Early instances
Apicius, Delaware re culinaria, an early collection of recipes.

The earliest identified published recipes date to 1730 BC and were recorded on cuneiform capsules found in Mesopotamia.

Different early written recipes day from around 1600 BC and originate from an Akkadian tablet from southern Babylonia. There’s also operates in old Egyptian hieroglyphs depicting the preparation of food.

Many old Greek recipes are known. Mithaecus’s cook book was an early one, but most of it’s been lost; Athenaeus estimates one short menu in his Deipnosophistae. Athenaeus describes a great many other cookbooks, all of them lost.

Roman recipes are known starting in the second century BCE with Cato the Elder’s P Agri Cultura. Several authors of the period defined eastern Mediterranean cooking in Greek and in Latin. Some Punic recipes are known in Greek and Latin translation.

The large assortment of recipes Delaware re coquinaria, conventionally titled Apicius, seemed in the 4th or 5th century and is the only total remaining cook book from the conventional world.

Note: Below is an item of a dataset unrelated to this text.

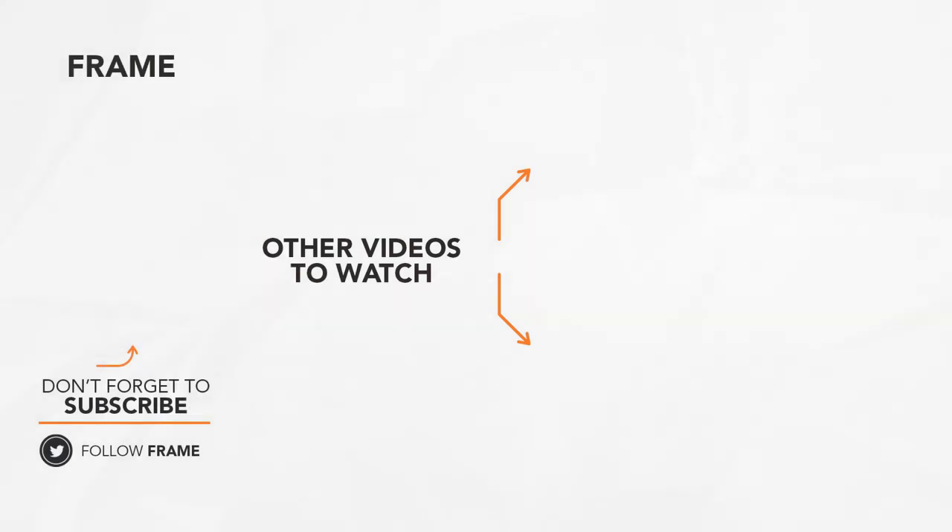That's the end of this feature on The Frame. I hope you enjoyed it! Make sure to subscribe to this channel to catch us on our next video. See you next time!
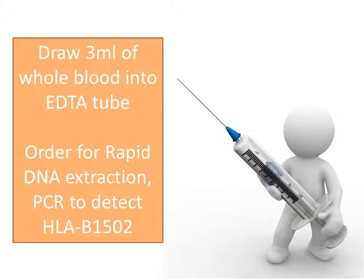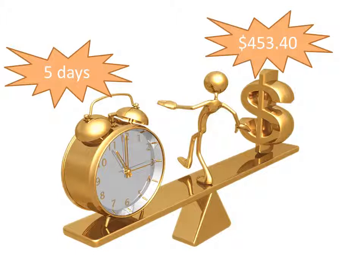How do we screen for it? It's a very simple serologic exam — draw 3 mL of blood, send it to the lab, and check via rapid DNA extraction or PCR to detect HLA-B1502. However, there is one big problem. When checking Mayo Clinic, the test costs $453 and takes 5 days to get the result. Although the risk for severe adverse cutaneous drug reaction from carbamazepine is significantly higher than in the Caucasian population, it is still an awful lot of investment per Asian patient for a relatively rare adverse reaction.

It lists the classes offered in meals as Gustatio (appetizer), Primae Mensae (main course) and Secundae Mensae (dessert). Each recipe begins with the Latin order “Take…,” “Recipe….”

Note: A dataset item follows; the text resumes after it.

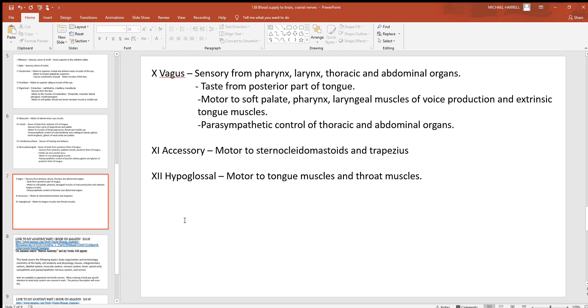Number ten, the vagus nerve, is a very big important nerve — it is sensory and has parasympathetic control over just about everything inside the thoracic and abdominal cavity, covering nearly all internal organs in the trunk. It also has taste from the posterior part of the tongue and is motor to the soft palate, pharynx, laryngeal muscles involved with voice production, and the extrinsic tongue muscles. Number eleven, the accessory nerve, is motor to the sternocleidomastoid muscles, used when turning the head, and the trapezius muscles. Number twelve, the hypoglossal, is motor to tongue muscles and throat muscles.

Arabic recipes are reported starting in the 10th century; see al-Warraq and al-Baghdadi.

The earliest formula in Persian times from the 14th century. Several recipes have survived from the time of Safavids, including Karnameh (1521) by Mohammad Ali Bavarchi, which include the preparing training in excess of 130 different recipes and pastries, and Madat-ol-Hayat (1597) by Nurollah Ashpaz. Menu books from the Qajar time are numerous, the most significant being Khorak-ha-ye Irani by prince Nader Mirza.

Master Richard II of England commissioned a formula guide named Forme of Cury in 1390, and about the same time frame, another guide was published called Curye on Inglish, “cury” meaning cooking. Equally books provide the feeling of how food for the noble classes was prepared and served in Britain at that time. The magnificent taste of the aristocracy in the Early Modern Period brought with it the begin of so what can be called the current recipe book. By the 15th century, numerous manuscripts were showing outlining the recipes of the day. Many of these manuscripts give excellent information and report the re-discovery of many herbs and herbs including coriander, parsley, basil and peppermint, many of which have been brought back from the Crusades.